Let’s look at some examples. I will use the same algorithm as the last time on notMNIST data, I will just make the training set smaller, let’s say 1k samples. In noMNIST set there are 10 letters A-J. We have shuffled our training set so in those 1k samples there will be around 100 samples of each letter. I am using Logistic Regression in 784 dimensional space which maps to those 10 classes. We also have bias elements for each class so the model has 7850 parameters. Parameters are just some numbers which the algorithm learns based on the samples. We dummies do not need to know more. So the algorithm learns ~8000 numbers from 1000 samples. Or for each letter ~800 parameters from ~100 samples. There is quite substantial danger that the model will just memorize the training set.

from sklearn import linear_model

clf_l = linear_model.LogisticRegression()
# we do not want to use the whole set
size = 1000

# images are 28x28, we have to make a vector from them
tr = train_dataset[:size,:,:].reshape(size, 784)

# This is the most important line.
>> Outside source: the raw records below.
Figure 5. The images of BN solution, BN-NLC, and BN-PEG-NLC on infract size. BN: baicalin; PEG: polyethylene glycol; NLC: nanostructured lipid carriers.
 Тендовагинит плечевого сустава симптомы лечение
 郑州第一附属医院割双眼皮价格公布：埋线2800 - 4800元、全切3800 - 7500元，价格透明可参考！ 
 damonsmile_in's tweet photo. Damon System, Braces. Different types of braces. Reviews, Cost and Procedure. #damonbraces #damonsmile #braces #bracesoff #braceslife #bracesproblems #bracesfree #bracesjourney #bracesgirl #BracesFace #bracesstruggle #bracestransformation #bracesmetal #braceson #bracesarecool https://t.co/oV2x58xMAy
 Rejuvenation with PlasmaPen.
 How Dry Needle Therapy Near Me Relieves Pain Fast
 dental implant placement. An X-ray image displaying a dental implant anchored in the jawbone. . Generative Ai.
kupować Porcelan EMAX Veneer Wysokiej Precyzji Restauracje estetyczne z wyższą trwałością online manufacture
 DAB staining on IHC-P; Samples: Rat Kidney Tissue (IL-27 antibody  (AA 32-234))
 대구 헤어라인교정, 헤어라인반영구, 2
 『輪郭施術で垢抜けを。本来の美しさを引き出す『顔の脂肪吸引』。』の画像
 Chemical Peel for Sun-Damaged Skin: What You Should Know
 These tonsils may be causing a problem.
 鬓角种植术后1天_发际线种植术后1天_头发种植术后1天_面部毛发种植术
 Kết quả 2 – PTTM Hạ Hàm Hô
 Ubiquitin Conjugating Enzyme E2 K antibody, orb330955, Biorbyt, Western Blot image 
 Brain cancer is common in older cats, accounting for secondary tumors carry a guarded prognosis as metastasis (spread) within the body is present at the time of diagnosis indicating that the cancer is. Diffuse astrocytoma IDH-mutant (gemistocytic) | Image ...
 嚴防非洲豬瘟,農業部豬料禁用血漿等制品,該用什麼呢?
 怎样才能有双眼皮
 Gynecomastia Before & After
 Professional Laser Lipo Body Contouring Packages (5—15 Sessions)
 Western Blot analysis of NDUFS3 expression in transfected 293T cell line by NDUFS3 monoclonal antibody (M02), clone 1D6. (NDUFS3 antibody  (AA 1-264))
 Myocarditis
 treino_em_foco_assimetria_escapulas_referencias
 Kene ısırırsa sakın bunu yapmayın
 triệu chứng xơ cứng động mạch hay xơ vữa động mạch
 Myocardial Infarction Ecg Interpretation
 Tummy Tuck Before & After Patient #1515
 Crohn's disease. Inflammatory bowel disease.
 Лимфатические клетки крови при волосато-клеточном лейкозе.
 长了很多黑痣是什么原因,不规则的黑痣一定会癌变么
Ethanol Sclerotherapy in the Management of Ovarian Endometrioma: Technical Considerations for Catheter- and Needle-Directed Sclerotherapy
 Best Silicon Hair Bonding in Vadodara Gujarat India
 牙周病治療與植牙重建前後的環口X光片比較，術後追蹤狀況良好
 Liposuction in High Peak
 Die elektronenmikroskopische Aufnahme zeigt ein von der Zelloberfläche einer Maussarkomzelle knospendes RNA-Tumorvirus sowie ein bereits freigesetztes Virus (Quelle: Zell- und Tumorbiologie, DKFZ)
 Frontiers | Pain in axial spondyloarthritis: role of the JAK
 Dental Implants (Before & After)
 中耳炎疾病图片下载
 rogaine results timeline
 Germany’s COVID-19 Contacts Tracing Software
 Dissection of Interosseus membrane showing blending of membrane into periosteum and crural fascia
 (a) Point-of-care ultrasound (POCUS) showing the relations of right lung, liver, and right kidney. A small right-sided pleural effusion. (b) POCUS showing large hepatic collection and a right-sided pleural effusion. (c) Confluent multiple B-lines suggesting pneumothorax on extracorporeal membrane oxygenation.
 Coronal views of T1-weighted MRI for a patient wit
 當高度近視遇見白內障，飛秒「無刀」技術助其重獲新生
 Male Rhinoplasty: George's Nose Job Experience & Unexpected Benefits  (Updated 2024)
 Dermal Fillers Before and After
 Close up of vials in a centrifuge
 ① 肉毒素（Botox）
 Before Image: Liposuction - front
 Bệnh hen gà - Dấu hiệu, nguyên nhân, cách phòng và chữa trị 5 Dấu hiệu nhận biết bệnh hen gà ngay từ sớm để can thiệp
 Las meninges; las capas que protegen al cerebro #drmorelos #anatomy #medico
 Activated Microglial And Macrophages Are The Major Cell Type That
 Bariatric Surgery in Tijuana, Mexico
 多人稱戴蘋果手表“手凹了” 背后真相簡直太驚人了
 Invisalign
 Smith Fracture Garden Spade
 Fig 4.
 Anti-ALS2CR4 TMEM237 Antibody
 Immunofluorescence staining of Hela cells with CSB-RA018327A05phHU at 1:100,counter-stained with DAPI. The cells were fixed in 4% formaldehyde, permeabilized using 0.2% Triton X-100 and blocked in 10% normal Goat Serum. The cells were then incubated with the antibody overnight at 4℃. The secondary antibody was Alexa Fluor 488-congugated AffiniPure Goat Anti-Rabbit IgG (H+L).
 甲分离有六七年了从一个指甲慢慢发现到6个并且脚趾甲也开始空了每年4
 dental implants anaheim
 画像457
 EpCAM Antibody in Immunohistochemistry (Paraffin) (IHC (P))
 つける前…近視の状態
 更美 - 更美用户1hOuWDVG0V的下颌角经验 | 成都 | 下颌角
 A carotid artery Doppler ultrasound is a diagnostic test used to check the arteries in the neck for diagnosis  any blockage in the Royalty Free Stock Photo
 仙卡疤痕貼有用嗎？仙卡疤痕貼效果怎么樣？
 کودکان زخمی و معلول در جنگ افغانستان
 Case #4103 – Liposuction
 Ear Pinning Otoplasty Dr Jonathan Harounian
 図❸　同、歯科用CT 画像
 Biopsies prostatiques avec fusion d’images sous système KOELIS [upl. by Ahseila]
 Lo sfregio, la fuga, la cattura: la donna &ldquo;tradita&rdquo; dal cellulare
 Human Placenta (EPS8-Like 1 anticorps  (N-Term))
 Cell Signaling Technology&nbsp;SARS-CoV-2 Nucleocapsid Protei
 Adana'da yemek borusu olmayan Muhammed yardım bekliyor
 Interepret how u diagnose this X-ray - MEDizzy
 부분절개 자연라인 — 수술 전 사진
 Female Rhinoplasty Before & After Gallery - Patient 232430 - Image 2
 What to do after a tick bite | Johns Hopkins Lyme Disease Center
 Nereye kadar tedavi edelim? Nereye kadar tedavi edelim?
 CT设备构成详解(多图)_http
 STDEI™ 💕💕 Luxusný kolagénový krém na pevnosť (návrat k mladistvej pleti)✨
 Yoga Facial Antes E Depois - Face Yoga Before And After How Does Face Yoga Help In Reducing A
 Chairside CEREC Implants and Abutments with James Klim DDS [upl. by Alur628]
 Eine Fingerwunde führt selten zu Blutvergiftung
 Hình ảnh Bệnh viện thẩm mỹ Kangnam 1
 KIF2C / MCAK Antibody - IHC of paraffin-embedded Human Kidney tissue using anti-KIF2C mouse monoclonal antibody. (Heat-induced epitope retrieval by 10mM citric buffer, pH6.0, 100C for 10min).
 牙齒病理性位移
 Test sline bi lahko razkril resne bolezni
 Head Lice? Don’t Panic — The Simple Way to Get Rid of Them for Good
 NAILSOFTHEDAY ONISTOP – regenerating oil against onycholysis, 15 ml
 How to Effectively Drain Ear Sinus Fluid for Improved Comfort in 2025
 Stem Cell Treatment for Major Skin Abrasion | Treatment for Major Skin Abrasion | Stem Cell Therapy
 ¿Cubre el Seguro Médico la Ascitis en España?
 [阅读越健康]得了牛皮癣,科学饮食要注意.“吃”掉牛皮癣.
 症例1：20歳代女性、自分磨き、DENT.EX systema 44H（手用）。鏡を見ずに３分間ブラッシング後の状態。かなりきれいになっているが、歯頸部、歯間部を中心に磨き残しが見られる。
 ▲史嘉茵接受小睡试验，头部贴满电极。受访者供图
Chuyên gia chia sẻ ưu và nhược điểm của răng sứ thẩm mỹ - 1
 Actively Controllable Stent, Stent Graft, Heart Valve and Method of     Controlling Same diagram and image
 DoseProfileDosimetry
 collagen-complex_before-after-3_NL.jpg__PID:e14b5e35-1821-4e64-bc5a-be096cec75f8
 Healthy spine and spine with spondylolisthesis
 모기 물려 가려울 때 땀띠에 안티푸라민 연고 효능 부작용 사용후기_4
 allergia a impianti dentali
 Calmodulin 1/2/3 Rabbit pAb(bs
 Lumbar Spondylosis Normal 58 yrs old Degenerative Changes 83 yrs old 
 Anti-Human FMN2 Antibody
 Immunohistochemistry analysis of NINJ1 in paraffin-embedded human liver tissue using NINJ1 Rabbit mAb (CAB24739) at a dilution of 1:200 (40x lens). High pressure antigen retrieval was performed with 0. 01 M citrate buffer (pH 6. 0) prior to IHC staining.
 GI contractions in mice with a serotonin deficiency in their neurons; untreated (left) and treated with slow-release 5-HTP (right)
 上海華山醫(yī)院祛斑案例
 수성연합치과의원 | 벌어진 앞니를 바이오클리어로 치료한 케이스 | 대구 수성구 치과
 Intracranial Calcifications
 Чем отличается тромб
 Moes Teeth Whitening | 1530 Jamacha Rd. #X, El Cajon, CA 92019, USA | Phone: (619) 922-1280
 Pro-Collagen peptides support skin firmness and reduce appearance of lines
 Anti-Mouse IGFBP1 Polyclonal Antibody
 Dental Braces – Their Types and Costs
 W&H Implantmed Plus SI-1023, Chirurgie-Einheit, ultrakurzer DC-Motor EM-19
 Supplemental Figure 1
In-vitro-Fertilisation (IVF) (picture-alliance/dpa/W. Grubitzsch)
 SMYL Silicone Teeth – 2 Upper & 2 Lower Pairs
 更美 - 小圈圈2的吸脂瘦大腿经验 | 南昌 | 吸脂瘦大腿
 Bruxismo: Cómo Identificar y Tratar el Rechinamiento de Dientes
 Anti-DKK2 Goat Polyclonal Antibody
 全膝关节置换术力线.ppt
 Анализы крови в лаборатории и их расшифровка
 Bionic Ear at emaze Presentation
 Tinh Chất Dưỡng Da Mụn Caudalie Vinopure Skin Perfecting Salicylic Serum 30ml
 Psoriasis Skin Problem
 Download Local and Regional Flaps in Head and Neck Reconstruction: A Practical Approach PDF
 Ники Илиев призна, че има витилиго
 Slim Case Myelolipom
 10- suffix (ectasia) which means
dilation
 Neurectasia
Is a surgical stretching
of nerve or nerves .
I just feed the model training samples and it learns
clf_l.fit(tr, train_labels[:size])

# This is prediction on training set
prd_tr = clf_l.predict(tr)
print(float(sum(prd_tr == train_labels[:size]))/prd_tr.shape[0])

# let's check if the model is not cheating, it has never seen this letters before
prd_l = clf_l.predict(valid_dataset.reshape(valid_dataset.shape[0], 784))
float(sum(prd_l == valid_labels))/prd_l.shape[0]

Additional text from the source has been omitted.